People will say that Nick Clegg won this
It’s over. I think people will be inclined to say that Nick Clegg won this. He has raised his game. He has, in the past, looked like a man who has lost interest in his own answers.
Not tonight. The Tories wanted to use this debate to frame the argument between them and Labour… but Nick Clegg has not been sidelined, has not allowed himself to be love-smothered by Mr Brown and has done himself only good in this debate.
In the cutaways, David Cameron sometimes looked uncomfortable, didn’t dominate the event in the way that you might expect the main challenger for office to have done, even though he used popular (populist) examples to get his arguments across better than the prime minister.
They won’t be fed up in the Tory office but I think they will spot space for improvement in the third debate and they will be a bit worried about Nick Clegg’s performance.
As for Gordon Brown, reciting a policy to last paragraph or a statistic to the last decimal point doesn’t get you breakthrough.

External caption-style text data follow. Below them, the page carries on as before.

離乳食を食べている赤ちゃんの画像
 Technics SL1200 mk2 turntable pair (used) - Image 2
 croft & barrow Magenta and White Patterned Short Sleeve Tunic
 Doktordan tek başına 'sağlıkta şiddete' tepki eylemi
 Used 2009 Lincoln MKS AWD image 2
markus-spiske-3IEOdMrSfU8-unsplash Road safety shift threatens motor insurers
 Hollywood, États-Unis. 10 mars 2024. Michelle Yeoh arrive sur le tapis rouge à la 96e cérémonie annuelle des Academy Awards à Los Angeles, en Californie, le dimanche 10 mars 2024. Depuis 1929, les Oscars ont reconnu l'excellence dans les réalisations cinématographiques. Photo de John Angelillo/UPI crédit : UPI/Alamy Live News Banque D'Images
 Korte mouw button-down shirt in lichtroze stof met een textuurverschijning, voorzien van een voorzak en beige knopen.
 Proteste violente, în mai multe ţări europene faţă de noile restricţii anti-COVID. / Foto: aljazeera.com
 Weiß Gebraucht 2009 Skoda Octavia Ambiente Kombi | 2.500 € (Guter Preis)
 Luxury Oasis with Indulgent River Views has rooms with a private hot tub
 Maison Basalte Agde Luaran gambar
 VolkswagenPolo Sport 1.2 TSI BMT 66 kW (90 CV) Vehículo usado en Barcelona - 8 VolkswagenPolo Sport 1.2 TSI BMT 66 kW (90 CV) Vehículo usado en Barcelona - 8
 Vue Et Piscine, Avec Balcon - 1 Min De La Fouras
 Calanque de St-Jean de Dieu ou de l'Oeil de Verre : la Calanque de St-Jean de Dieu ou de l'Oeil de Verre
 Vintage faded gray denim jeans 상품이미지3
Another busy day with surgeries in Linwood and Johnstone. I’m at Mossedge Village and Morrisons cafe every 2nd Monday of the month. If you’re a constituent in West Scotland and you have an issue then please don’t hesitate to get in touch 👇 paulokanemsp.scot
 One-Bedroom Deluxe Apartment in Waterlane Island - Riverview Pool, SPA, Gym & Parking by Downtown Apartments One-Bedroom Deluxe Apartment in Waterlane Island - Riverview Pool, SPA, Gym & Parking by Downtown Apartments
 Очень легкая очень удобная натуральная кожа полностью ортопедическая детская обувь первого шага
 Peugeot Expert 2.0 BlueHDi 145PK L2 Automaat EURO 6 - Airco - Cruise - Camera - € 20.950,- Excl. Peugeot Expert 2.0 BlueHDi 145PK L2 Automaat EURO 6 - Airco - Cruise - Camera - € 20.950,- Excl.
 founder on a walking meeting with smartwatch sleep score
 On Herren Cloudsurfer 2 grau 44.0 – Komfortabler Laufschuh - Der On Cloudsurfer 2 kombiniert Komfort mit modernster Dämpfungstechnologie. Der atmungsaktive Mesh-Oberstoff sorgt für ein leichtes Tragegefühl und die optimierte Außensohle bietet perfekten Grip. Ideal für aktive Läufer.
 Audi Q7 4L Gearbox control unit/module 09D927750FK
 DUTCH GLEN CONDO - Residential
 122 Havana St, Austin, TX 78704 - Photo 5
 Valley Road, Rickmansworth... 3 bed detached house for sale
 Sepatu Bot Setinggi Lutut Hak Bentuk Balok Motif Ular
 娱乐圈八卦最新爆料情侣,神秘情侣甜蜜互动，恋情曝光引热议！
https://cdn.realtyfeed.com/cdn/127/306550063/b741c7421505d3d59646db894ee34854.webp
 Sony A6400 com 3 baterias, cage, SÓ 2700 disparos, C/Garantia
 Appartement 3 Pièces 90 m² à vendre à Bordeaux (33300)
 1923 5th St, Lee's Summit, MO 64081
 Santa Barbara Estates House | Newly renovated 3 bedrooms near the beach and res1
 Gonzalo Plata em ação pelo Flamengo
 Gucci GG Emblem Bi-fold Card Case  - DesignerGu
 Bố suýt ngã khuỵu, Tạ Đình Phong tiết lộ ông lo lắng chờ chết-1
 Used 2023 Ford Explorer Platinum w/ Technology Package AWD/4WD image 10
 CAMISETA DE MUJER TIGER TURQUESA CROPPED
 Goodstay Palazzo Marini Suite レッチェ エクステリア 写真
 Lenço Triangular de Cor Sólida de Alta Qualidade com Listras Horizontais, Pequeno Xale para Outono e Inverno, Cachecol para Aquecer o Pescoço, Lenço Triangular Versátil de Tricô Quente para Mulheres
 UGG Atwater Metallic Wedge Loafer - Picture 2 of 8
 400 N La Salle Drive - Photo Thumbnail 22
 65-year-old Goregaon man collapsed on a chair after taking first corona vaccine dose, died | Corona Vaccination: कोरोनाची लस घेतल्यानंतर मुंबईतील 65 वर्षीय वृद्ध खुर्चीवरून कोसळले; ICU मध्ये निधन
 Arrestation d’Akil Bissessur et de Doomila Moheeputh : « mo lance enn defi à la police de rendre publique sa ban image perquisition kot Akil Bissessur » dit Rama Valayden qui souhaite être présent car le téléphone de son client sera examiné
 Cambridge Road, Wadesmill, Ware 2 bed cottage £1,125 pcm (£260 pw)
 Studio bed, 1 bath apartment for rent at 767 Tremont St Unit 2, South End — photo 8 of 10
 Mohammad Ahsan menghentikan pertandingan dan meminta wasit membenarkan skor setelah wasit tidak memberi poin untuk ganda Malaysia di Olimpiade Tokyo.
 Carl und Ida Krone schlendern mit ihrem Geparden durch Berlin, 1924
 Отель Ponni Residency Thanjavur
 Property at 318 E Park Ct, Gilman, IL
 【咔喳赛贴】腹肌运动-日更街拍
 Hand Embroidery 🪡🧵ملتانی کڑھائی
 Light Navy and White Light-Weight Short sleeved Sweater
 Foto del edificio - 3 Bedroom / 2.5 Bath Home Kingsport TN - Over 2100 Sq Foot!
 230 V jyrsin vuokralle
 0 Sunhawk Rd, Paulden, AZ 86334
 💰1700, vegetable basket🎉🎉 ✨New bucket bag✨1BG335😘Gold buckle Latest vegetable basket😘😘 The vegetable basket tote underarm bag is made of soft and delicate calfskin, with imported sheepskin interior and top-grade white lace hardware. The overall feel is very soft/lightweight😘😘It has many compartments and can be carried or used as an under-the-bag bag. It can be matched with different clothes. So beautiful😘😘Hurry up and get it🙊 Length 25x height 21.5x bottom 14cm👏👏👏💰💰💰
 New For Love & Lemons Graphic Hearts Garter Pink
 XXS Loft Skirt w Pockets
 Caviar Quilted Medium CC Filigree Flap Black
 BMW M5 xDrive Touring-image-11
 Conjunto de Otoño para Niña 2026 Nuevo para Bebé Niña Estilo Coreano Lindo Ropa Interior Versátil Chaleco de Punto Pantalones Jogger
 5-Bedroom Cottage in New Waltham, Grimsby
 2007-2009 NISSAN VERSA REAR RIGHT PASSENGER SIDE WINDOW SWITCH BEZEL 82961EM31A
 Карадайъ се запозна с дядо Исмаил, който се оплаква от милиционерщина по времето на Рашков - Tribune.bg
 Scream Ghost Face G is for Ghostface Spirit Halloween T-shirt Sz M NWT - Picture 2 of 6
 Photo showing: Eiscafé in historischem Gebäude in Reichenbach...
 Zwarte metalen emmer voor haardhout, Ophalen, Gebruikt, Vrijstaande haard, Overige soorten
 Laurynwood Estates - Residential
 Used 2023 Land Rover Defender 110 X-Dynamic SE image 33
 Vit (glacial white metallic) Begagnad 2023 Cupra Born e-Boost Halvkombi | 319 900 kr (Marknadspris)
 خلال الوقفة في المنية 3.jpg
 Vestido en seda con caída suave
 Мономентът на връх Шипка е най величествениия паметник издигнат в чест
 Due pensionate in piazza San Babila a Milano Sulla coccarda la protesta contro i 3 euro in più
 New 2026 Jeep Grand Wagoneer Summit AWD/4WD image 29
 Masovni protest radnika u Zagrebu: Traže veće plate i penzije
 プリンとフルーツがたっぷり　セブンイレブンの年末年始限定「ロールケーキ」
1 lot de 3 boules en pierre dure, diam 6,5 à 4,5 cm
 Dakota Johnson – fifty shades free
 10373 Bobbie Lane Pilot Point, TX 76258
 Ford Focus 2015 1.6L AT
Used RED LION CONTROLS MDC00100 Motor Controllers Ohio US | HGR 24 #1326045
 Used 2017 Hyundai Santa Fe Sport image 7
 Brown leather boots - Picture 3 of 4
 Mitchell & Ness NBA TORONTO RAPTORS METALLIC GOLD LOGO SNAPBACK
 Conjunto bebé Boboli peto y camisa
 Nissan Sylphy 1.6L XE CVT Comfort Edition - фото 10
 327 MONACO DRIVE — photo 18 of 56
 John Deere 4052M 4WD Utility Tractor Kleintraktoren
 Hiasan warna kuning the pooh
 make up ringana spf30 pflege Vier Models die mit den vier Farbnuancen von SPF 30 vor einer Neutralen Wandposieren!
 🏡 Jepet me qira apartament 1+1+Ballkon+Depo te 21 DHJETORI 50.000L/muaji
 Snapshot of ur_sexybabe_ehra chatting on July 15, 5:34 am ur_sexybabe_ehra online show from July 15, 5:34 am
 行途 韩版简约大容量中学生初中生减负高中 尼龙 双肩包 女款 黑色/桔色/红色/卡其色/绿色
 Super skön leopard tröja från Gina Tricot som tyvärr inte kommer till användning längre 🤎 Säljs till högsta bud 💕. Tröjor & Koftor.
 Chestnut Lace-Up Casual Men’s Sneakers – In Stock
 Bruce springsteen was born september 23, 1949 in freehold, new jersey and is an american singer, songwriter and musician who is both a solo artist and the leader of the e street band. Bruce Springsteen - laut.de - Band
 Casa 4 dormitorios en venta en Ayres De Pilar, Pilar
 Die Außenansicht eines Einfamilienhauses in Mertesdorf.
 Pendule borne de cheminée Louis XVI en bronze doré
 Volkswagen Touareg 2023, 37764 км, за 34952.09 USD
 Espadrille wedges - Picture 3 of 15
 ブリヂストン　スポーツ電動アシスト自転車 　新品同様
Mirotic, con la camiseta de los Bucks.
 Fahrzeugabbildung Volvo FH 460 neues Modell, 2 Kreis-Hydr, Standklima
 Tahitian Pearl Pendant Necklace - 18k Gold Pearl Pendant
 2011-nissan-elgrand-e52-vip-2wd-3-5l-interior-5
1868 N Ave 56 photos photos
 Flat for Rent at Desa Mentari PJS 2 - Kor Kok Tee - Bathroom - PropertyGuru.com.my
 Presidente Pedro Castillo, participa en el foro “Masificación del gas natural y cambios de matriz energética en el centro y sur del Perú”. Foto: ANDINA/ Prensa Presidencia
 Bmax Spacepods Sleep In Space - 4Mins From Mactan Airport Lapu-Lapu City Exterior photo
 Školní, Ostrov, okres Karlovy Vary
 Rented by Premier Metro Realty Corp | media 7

But he can’t reinvent himself for the second and probably more importantly for the third debate because that would look barmy.
He must hope that the great British public are not assessing all this with the magnifying glass that we in this Spin Room are and are tuning in instead to the bigger message on the economy and risk which has so far consolidated his vote and held the Tories back from the lift off moment some of them really thought they would have had by now.